Abstract

Because recurrent rainfall-induced landslide episodes mimic prior failures, this study builds a back-analysis approach to identify those prior failure events and assess the prospective slope performance going forward. Engineers use the results of this approach to project the slope performance based on the quantity of rainfall accumulation during the anticipated rainfall event. A landslide case that occurred in 2004, as a result of a typhoon event, was selected for the back-analysis procedure. Four typhon events were chosen to simulate the pore water pressure conditions, which may have caused damage of varying severity (including landslide failure) to the slope. The numerical model was initially analyzed via the deterministic limit equilibrium slope stability approach to evaluate the most critical failure surface. By adopting the Monte Carlo simulation approach, the following step assessed the random limit equilibrium slope stability on the most critical failure surfaces. The probabilistic distributions of the safety factor were then generated for each typhoon event. Subsequently, the simulation outcomes provide safety indicator values incorporating the mean safety factor, failure probability, and reliability index.
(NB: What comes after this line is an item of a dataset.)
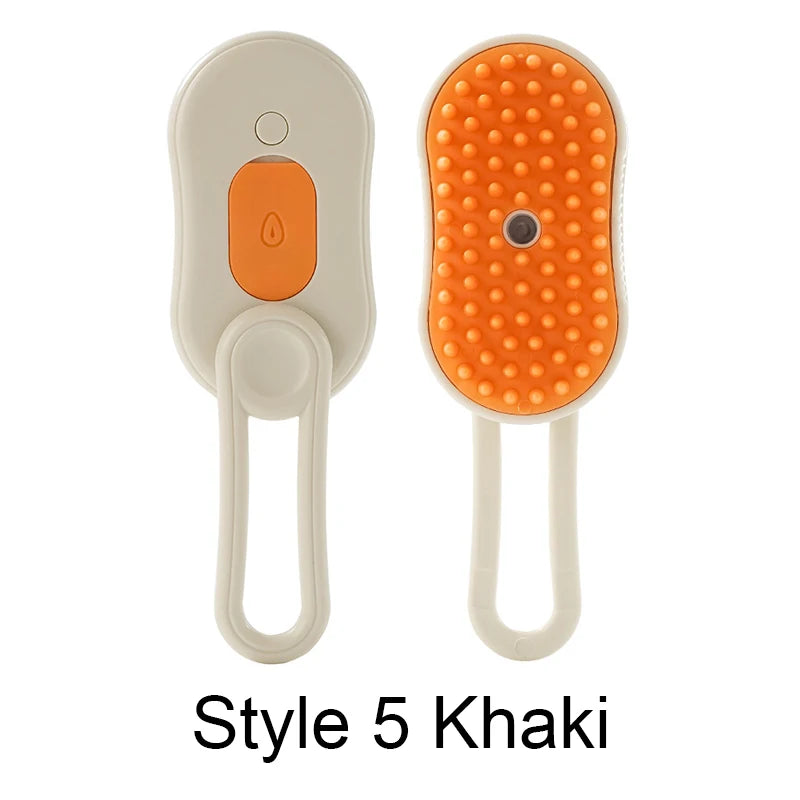 Steamy Brush Electric Spray Cat Hair Brush 3in1 Pet Hair Removal Tool 360° Rotating Handle Silicone Multifunctional Massage Comb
From the failure probability and reliability index, a zonation approach with various site-specific performance levels were established by using the corresponding accumulated rainfall to define the exceedance threshold values for each zone. In order to confirm the site-specific performance, we compared the normalized error values acquired from the analysis technique to those measured under two recent typhoon occurrences. An acceptable consistency was attained, validating the procedure's appropriateness for future rainfall events.